I have never been to Corrados can I bring my own wine that I entered into competition to drink is that aloud at the venetion???????????
Carmine


----------



## JohnT

carmine said:


> I have never been to Corrados can I bring my own wine that I entered into competition to drink is that aloud at the venetion???????????
> Carmine



I do not think that anybody does this. At the bar, though, they do have the portions of the entires not consumed by the judges. That, in itself is fun. You can try most varieties, and the finalists are marked.


----------



## Runningwolf

I agree with you John. Take advantage of the fact that there will be more wines then that could possibly consumed. So many more varieties then you have tried. Take notes on what you like so you can experiment next fall yourself. Wish I could be there. Have fun and good luck!


----------



## Wine-O

It's also fun to see if you can find your own wine among the hundreds of bottles there!! If you did bring your own I don't think anyone would notice, I do see alot of tables with bottles on them so how would they know where it came from! 
Have a great time and best of luck.
Dave


----------



## carmine

JohnT said:


> I do not think that anybody does this. At the bar, though, they do have the portions of the entires not consumed by the judges. That, in itself is fun. You can try most varieties, and the finalists are marked.

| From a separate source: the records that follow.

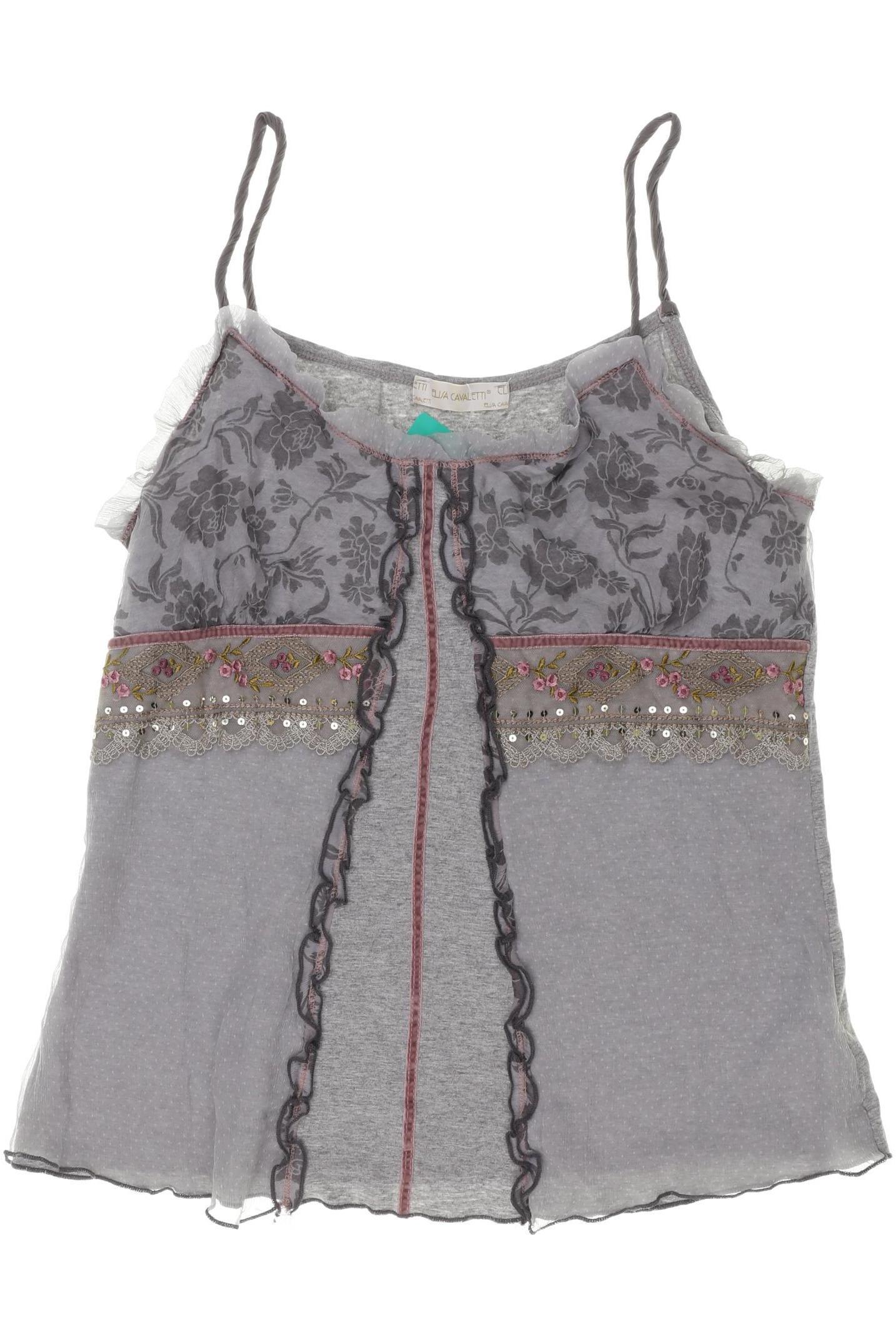 

Elisa Cavaletti Damen Top, grau, Gr.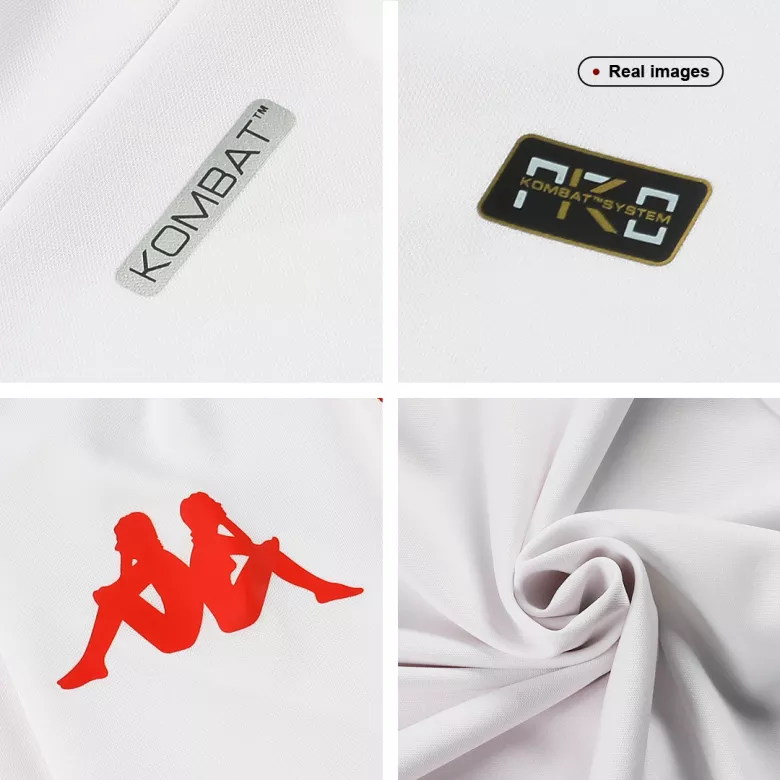 AS Monaco FC Home Soccer Jersey 2022/23 - vstockx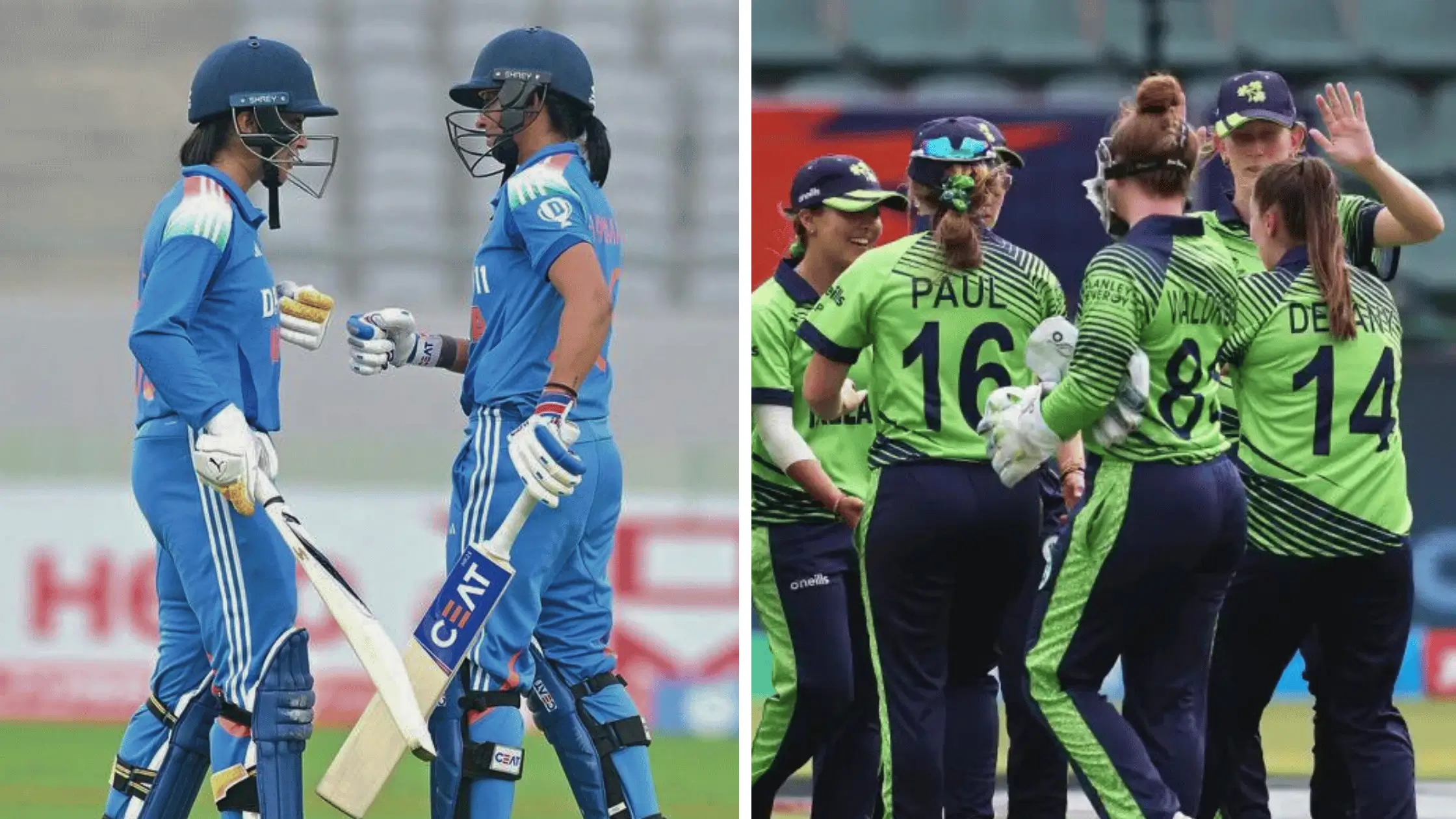 India W Vs Ireland W ODI Series: Key Adjustments Unveiled | India W Vs Ireland W Series overview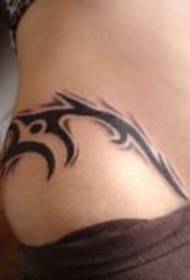 Tatuagem Totem em Pretty Crush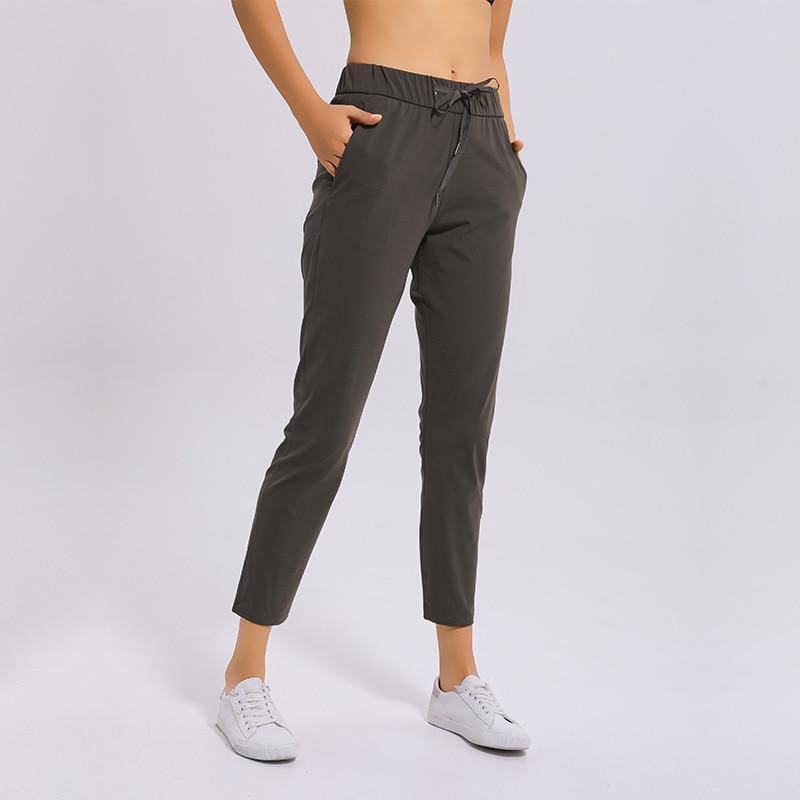 Women's Side Pockets Yoga Pants - ByDivStore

I called corados they told me you can bring your own wine . But its like bringing sand to the beach.
Carmine


----------



## Tom

Ya know it's like saying you won't like any of the wine entries. I'm sure you will find GREAT wines there. Like above kinda silly to bring your own.


----------



## JohnT

Ok Folks, 

Tomorrow night is the big event. 

Good luck to everyone. I hope to have a chance to meet some of you. 

johnT.


----------



## ffemt128

JohnT said:


> Ok Folks,
> 
> Tomorrow night is the big event.
> 
> Good luck to everyone. I hope to have a chance to meet some of you.
> 
> johnT.



Good luck to all that entered. 

If you're looking for John, he'll be the one wearing the Official Welch's Wine shirt.


----------



## JohnT

That's the one with a circle and a line through it.


----------



## Runningwolf

John, Good luck to you and everyone else that entered. I did get a sneak preview of your medal. Wear it with pride!


----------



## Wine-O

Dan, that was a good one. Enjoy your new medals John, they do look better than the Indy medals....Ha Ha Ha.

See you tomorrow night.

Dave


----------



## Runningwolf

I understand congratulation's are in order for JohnT and Wine-o in the competition tonight! Way to go guys!


----------



## Rock

Congrates to JohnT and Wine-o also to my brother Carmine who also won a medal.Way to go bro.


----------



## Runningwolf

Yes congratulations to everyone. I'd like to hear which wines got which medals.


----------



## Wade E

Congrats you guys!!!!! Carmine, what wine did you wine with?


----------



## carmine

Wade E said:


> Congrats you guys!!!!! Carmine, what wine did you wine with?



I had 3 wines that made it into the competition 1 won a bronz medal it was my 2008 cab, merlot and syrha blend it was nice to meet john he won a few medals. Great night at the event corrados sure knows how to throw an awards dinner great night
Carmine


----------



## Redtrk

Congrats to all!


----------



## JohnT

Well folks, The competition was last Friday and boy did we have a great time. As is typical at this event, the food was great and everyone had a fantastic time. Jimmy Corrado sure knows how to throw a party!. 

I found that the judging this year was rather tight. I believe that less than 100 medals were awarded out of some 800 - 1000 entries. 

It was great to finally meet both carmine and wine-o (both were medal winners). Guys, what did you end up winning for?

I had entered only 8 wines. 4 wines made the finals and I ended up winning 2 silver (2010 chillean and 2009 brunello).


----------



## carmine

JohnT said:


> Well folks, The competition was last Friday and boy did we have a great time. As is typical at this event, the food was great and everyone had a fantastic time. Jimmy Corrado sure knows how to throw a party!.
> 
> I found that the judging this year was rather tight. I believe that less than 100 medals were awarded out of some 800 - 1000 entries.
> 
> It was great to finally meet both carmine and wine-o (both were medal winners). Guys, what did you end up winning for?
> 
> I had entered only 8 wines. 4 wines made the finals and I ended up winning 2 silver (2010 chillean and 2009 brunello).



I entered 3 wines that made it thru the competition my 2008 cab , merlot and shyra blend won a bronz i was happy to make it thru the competition


----------



## Rock

Hey JohnT,very impressive with the chilean wine being only 6 months old,what kind of wine was it?


----------



## JohnT

carmengnre


----------